ALICE AU PAYS DU CHAOS
Alicia en el pais de nunca jamas – Espagne – 2005
Genre : Erotique, Horreur
Dessinateur : Manolo Carot
Scénariste : Manolo Carot
Nombre de pages : 88 pages
Éditeur : Tabou BD
Date de sortie : 02 mai 2023
LE PITCH
Alice se réveille au sein d’une étrange maisonnée. Qui est cette femme attentionnée qui s’occupe d’elle ? Et qui est cette gamine muette qui la regarde avec l’admiration d’une petite sœur ? Mais où est-elle ? En quête d’une réponse à toutes ses questions, c’est le destin qui va lui répondre avec toute la force dont il sait faire usage, l’entraînant dans un monde délirant où le sexe est la monnaie d’échange la plus efficace pour survivre dans ce cauchemar. Bienvenue Alice, au Pays du Chaos.
ça glisse ?
La pauvre petit Alice n’en a décidément pas fini avec le monde pervers de la bande dessinée. On ne compte plus en effet les multiples variations, détournements et autres parodies qui l’entrainent dans des contrées aux merveilles beaucoup plus charnelles qu’autrefois. Et avec Manolo Carot c’est carrément en pleine apocalypse mutante qu’elle découvre les joies (et malheurs) de l’épanouissement sensuel.
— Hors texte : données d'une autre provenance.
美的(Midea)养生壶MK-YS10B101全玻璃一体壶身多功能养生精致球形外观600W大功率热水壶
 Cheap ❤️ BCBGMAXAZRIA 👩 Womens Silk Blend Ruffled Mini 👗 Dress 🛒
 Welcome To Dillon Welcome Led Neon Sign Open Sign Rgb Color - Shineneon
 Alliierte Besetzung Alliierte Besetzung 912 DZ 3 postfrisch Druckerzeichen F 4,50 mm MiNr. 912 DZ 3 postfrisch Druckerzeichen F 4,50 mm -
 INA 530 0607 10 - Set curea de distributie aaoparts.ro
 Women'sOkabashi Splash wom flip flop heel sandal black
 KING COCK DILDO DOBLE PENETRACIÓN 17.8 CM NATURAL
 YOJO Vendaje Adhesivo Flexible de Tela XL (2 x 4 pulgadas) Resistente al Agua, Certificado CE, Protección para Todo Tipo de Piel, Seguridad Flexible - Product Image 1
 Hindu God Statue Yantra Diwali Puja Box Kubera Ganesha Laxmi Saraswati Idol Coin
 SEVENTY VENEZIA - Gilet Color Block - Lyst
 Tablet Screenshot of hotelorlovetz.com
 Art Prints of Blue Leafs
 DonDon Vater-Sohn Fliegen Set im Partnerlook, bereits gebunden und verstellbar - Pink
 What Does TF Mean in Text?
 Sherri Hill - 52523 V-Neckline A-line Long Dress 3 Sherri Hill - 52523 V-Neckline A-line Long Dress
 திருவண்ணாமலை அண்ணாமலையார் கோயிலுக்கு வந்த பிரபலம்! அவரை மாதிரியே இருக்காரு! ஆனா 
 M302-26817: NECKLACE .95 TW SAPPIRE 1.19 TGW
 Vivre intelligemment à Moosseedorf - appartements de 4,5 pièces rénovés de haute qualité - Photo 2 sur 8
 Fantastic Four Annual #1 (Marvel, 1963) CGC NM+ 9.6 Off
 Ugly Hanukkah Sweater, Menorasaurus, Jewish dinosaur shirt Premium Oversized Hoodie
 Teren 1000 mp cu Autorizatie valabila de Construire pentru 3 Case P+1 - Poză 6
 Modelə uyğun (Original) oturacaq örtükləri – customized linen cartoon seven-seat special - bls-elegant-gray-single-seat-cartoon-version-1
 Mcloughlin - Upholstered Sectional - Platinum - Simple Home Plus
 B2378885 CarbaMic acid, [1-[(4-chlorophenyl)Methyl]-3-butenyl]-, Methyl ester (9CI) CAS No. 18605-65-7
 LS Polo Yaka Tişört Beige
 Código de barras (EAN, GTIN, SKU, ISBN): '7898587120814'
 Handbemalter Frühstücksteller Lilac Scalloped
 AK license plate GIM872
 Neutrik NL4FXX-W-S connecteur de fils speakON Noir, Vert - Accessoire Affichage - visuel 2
D’ailleurs en dehors d’un titre qui annonce la couleur et quelques références très discrètes en cours de route il faut vraiment être un acharné pour reconnaitre la structure du conte, déjà délurée, de Lewis Carol. Sans doute que dans cette séquestration où Alice et sa comparse muette se retrouvent à cohabiter avec une nymphomane droguée par un savant pervers peut s’apparenter à la fameuse cérémonie du thé ou quelques souvenirs échangés avec un groupe de survivants (qui ne parlent bien entendu que de cul) peut avoir quelques liens avec le tribunal final, mais il faut tout de même tirer les cheveux jusqu’aux racines. De toute façon, cette Alice là est brune et n’a rien de l’innocente gamine bien apprêtée, et si elle se réveille amnésique dans une réalité des plus chaotiques et dangereuses, elle se souvient encore de deux trois petites choses de ses cours d’histoires naturelles. Pré-publié dans les pages de la revue Kiss Comix, Alice au pays du chaos se structure comme une succession de scénettes pas toujours imbriquées les unes dans les autres, suivant l’échappée de la sympathique demoiselle dans un monde où les mâles ont rapidement tendance à se transformer en bandards fous violant tout ce qui bouge. Pas que des inconvénients aux situations tant ils deviennent imaginatifs, performants et méchamment membrés, mais comme ils ont aussi tendance à bouffer ensuite leurs partenaires…
Rabbit Hole
Pas qu’un scénario prétexte, car on sent bien que l’auteur tente parfois de donner un peu plus d’épaisseur à son récit avec une certaine montée en puissance quasi-biblique dans la dernière partie ou quelques tentatives de creuser un chouia les liens entre certaines des autres survivantes croisées en cours de route, mais le sexe prend beaucoup de place dans une trame qui va déjà vite. Ça baise dans tous les sens, dans toutes les positions, seuls ou à plusieurs avec même quelques délires limites manga, et les pages se tournent d’autant plus vite. En dehors de ces prouesses sexuelles, l’album vient surtout titiller en effet les souvenirs bisseux des lecteurs rompus aux récits horrifiques et gores (attention c’est violent !) et aux amoureux de films de zombies qui reconnaitront de multiples allusions au mythique Dawn of the Dead de George A. Romero… les galipettes effrénées en plus. Pas si original que cela finalement à l’arrivée, mais si Alice au pays du chaos a connu un certain succès à sa première sortie c’est clairement grâce au talent de Manolo Carot, ou Man comme il signe parfois, maniant avec talent la palette graphique, multipliant les angles de vue acrobatique et imposant un style particulièrement vif et charnel aux contours légèrement japonisant.
Des planches détonantes et pourtant le dessinateur en était presque à ses débuts puisqu’il s’est depuis régulièrement affranchi du porno avec des albums solo comme le très réussi La Chute de Dante (publié chez Glénat) ou en reprenant avec talent les dessins de l’adaptation de Millenium par Sylvain Runberg. Les superbes tableaux inédits proposés en fin de cette réédition et la nouvelle couverture qui claque démontre largement la maturation de l’artiste.